In 2014, Santos was cast in the supernatural horror T'yanak, an abridged retelling of Lore Reyes and Peque Gallaga's 1988 film of the same name, in which she played an adoptive mother to a demonic infant. An admirer of the directors' work, she considered the film "a dream come true". Production of the film was completed in eight days and it premiered at the Sineng Pambansa Horror Plus Film Festival. Gallaga said, "Every time she went before the camera, she surprised me. I am amazed by her ability to easily cry." That year, she returned to television as a presenter in I Do.

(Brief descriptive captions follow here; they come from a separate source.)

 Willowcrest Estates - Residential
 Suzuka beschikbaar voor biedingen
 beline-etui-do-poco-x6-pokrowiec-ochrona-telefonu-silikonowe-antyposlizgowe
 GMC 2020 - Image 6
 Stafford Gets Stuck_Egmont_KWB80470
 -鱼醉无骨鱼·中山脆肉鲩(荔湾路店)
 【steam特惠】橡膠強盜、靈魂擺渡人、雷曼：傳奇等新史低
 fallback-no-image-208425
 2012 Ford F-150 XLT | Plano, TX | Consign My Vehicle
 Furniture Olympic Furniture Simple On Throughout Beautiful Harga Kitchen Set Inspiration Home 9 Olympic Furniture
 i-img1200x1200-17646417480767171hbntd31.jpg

Santos did not make any screen appearances in 2015, but returned in Kusina, an independent film directed by David Corpuz and Cenon Palomares in 2016. It was adapted from Palomares's Palanca Award-winning script, and premiered at the 12th Cinemalaya Independent Film Festival. The film and Santos's performance garnered critical acclaim; Ricky Calderon from The Philippine Star wrote, "Santos delivers a knockout performance... we can't think of any other actress to play the role", and praised the film for its "use of daring dramatic license and minimalist theatrical devices". Film critic Mari-An Santos lauded the "gentle storytelling approach associated with theater", and asserted that "this is not soap opera television acting, it is convincing method acting". Two years later, Santos starred in Ang Dalawang Mrs. Reyes (2018), which grossed million (million) at the box office.

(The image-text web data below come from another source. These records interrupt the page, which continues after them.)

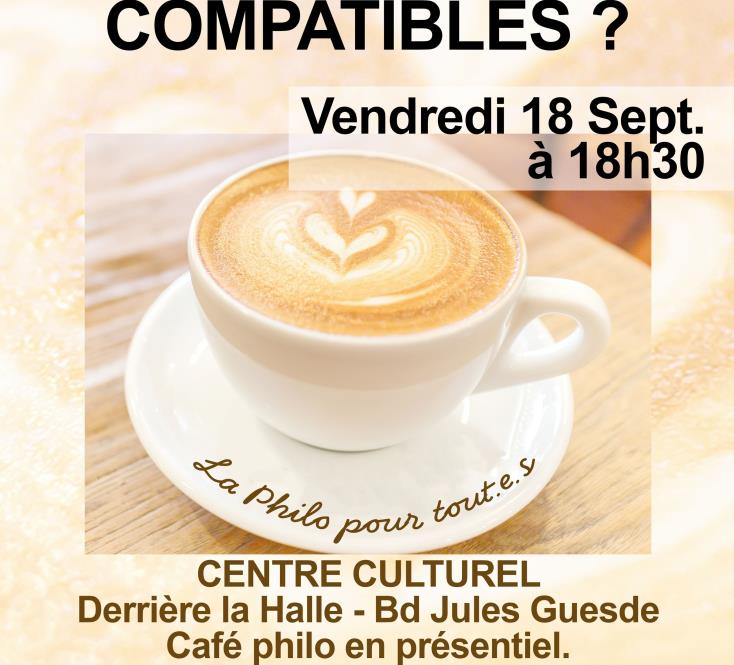 La Philo pour tout.e.s_1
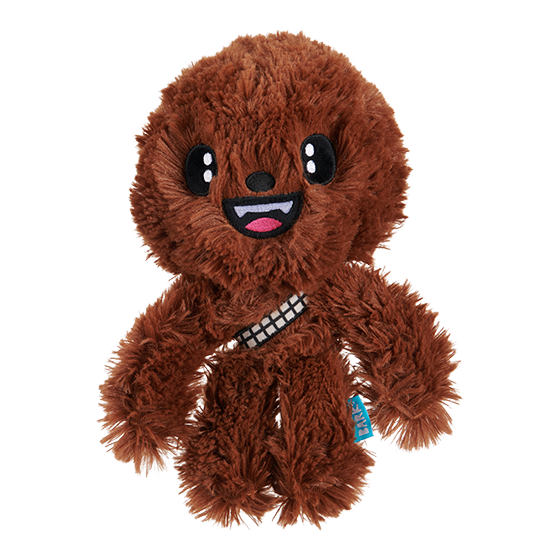 star wars dog toys uk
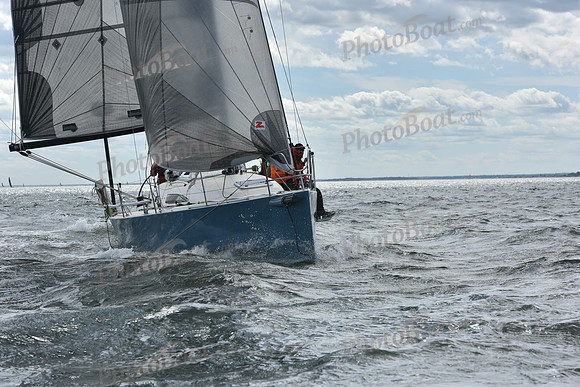 2019 Block Island Race_0901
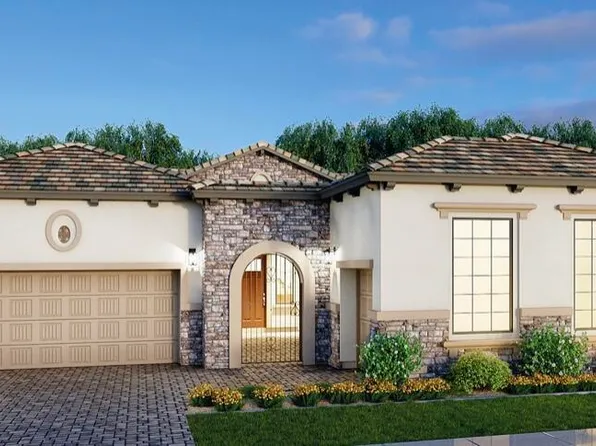 1110 E PEACH TREE Drive, Chandler, AZ 85249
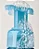 SABONETE ESPUMA PARA AS MÃOS - SATURDAY SUNSET - BATH & BODY WORKS 259ML - Imagem 3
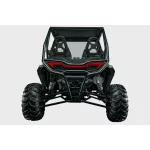 BMS H7 EFI BMS H7 EFI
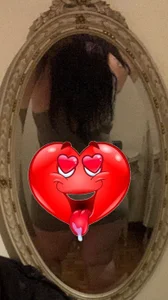 GataxCrazys Public Foto 3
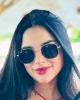 EvanLian is single in Salem, OR USA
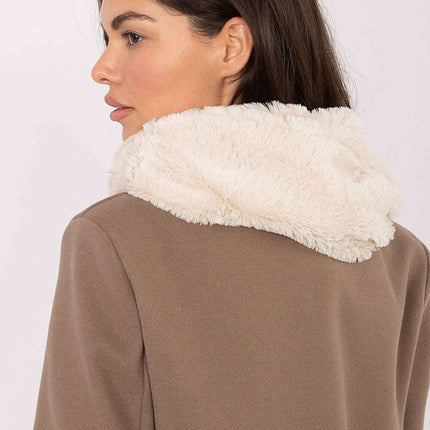 Infinity Scarf model 219611 - Très Elite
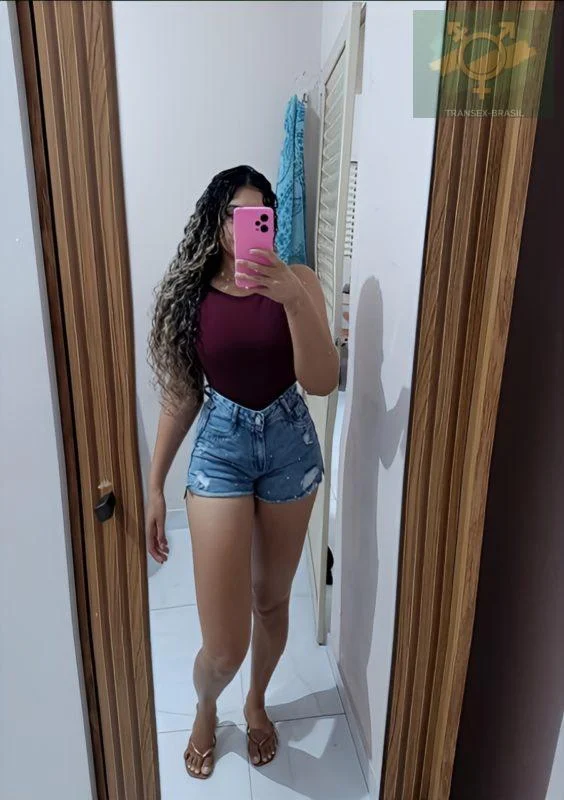 Mary Massagista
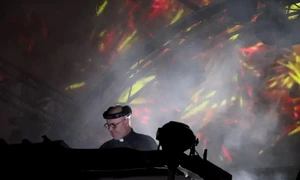 preot dj cluj jpg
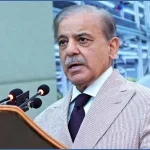 pmshahbazsharif1755879814-0-600x450.webp.webp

The novelty of playing a villainous part drew Santos to play Teresa Dichaves in Starla (2019). Despite her character's actions, Santos played the part to make Teresa seem "sympathetic" and "selfless". The series aired from October 7, 2019, to January 10, 2020. Santos's second role in 2019 was in Brillante Mendoza's war drama Mindanao. The film premiered at the 24th Busan International Film Festival. Although the response to the film was mixed, critics were highly appreciative of Santos's performance; the Screen International wrote, "This is not a film which leaves any emotional button unpushed... [but] throughout all this, Santos retains grace and dignity with a performance which is a class apart from the rest of the picture." SunStar Davao felt that the film lacked "depth and cultural nuance" and criticized Mendoza's misrepresentation and unfamiliarity of the region's ethnic groups. In contrast, Jessica Kiang from Variety highlighted Santos's "de-glammed, gently anguished, remarkably sympathetic performance", and called the film "well acted but clumsy". Mindanao was submitted for consideration at the 91st Academy Awards for Best International Feature Film. The role won Santos the Best Actress award from the Cairo International Film Festival, Metro Manila Film Festival, and Luna Awards. In 2020, Santos hosted Paano Kita Mapasasalamatan.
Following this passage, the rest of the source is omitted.